You will notice you still got the present working directory and hostname on the standard output. The file myenv.txt is actually written to your home directory on the head node. Rather than view this file by logging on to the head node, copy the file to your current directory instead:
gsiscp -P 2222 ngs.oerc.ox.ac.uk:myenv.txt .
You can now view the file myenv.txt.
- Returning to the topic of staging, if you are running the same job multiple times it is better if the program is stored somewhere accessible by a node running this job. Your account on the head node is the ideal place for this.
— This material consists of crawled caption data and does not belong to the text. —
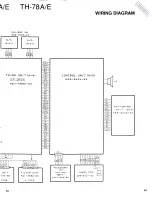 Preview for 64 page of Kenwood TH-78A Service Manual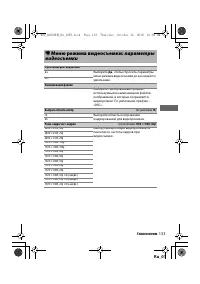 Страница 156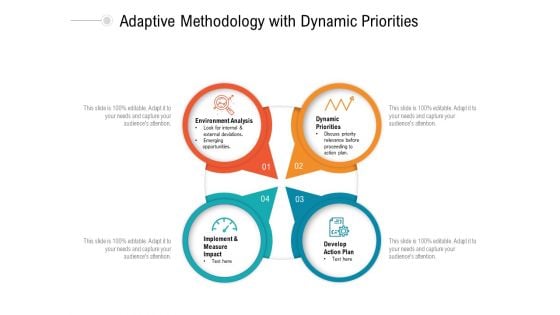 Adaptive Methodology With Dynamic Priorities Ppt Powerpoint Presentation Summary Graphics Pdf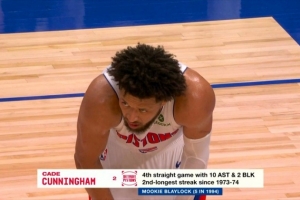 坎宁安连续4场至少10助2帽 联盟73-74赛季至今第2长&仅次布雷洛克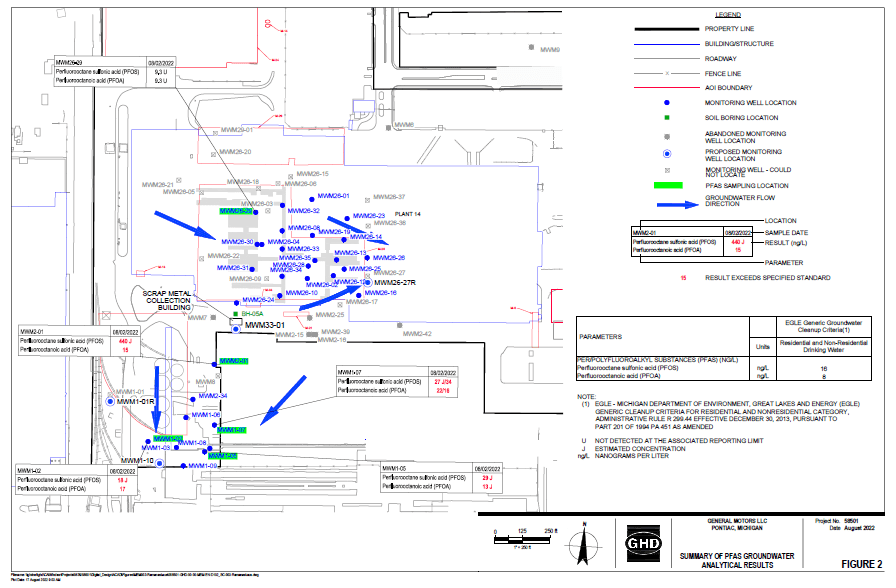 GM LCC Pontiac North Campus Map - Groundwater Sampling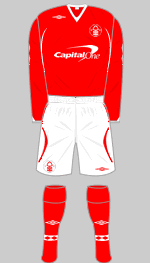 Nottingham Forest 2008-09 home kit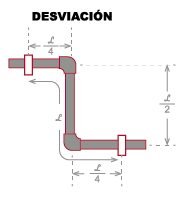 Diagrama de compensación de expansión del sistema de tuberías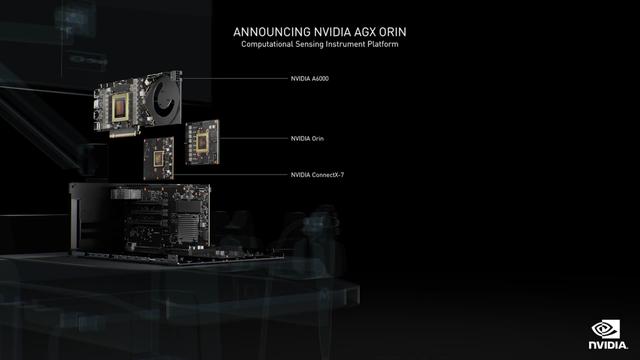 资讯丨英伟达GTC 2021大会正式召开，多款产品发布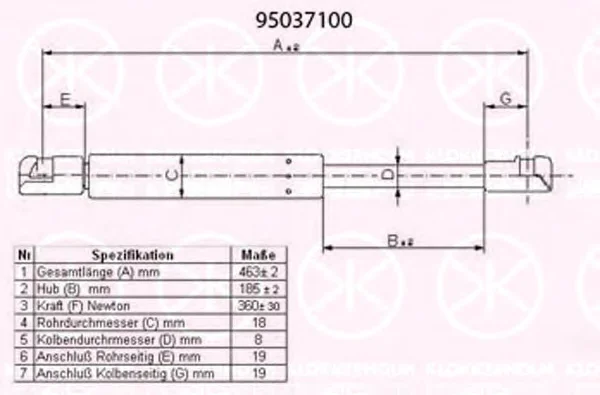 95037100 KLOKKERHOLM Газовый амортизатор крышки багажника, заднего стекла, капота (фото 1)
Copy the file "myhostname.c" (which is a simple piece of C code that prints out the hostname) from the downloaded files gram_srb_practical_files.tgz to your home directory. Compile this code and initially submit this program as a job using staging. To compile this code use the command:
gcc myhostname.c -o myhostname
Now upload myhostname.c to the head node using gsiscp and compile (and test) it there. You will now be able to run the job without using staging. Since the program is sitting in the top level of your account on the head node you will not need to provide a path to the executable.
[gcw@lab-07 gram]$ gsiscp -P 2222 myhostname.c ngs.oerc.ox.ac.uk: [gcw@lab-07 gram]$ gsissh -p 2222 ngs.oerc.ox.ac.uk Last login: Sun Mar 6 18:18:11 2005 from lab-07.nesc.ed.ac.uk ClusterVision Red Hat Enterprise 3.0 on Intel distribution v0.9 ... [ngs0249@grid-compute ngs0249]$ gcc myhostname.c -o myhostname [ngs0249@grid-compute ngs0249]$ ./myhostname host is ngs.oerc.ox.ac.uk [ngs0249@grid-compute ngs0249]$ exit logout Connection to ngs.oerc.ox.ac.uk closed. - Try creating some jobs of your own. Alternatively you could explore the other options supported by the globus commands. All of the globus commands provide a detailed description of their usage by running the command with -help as the only command line parameter.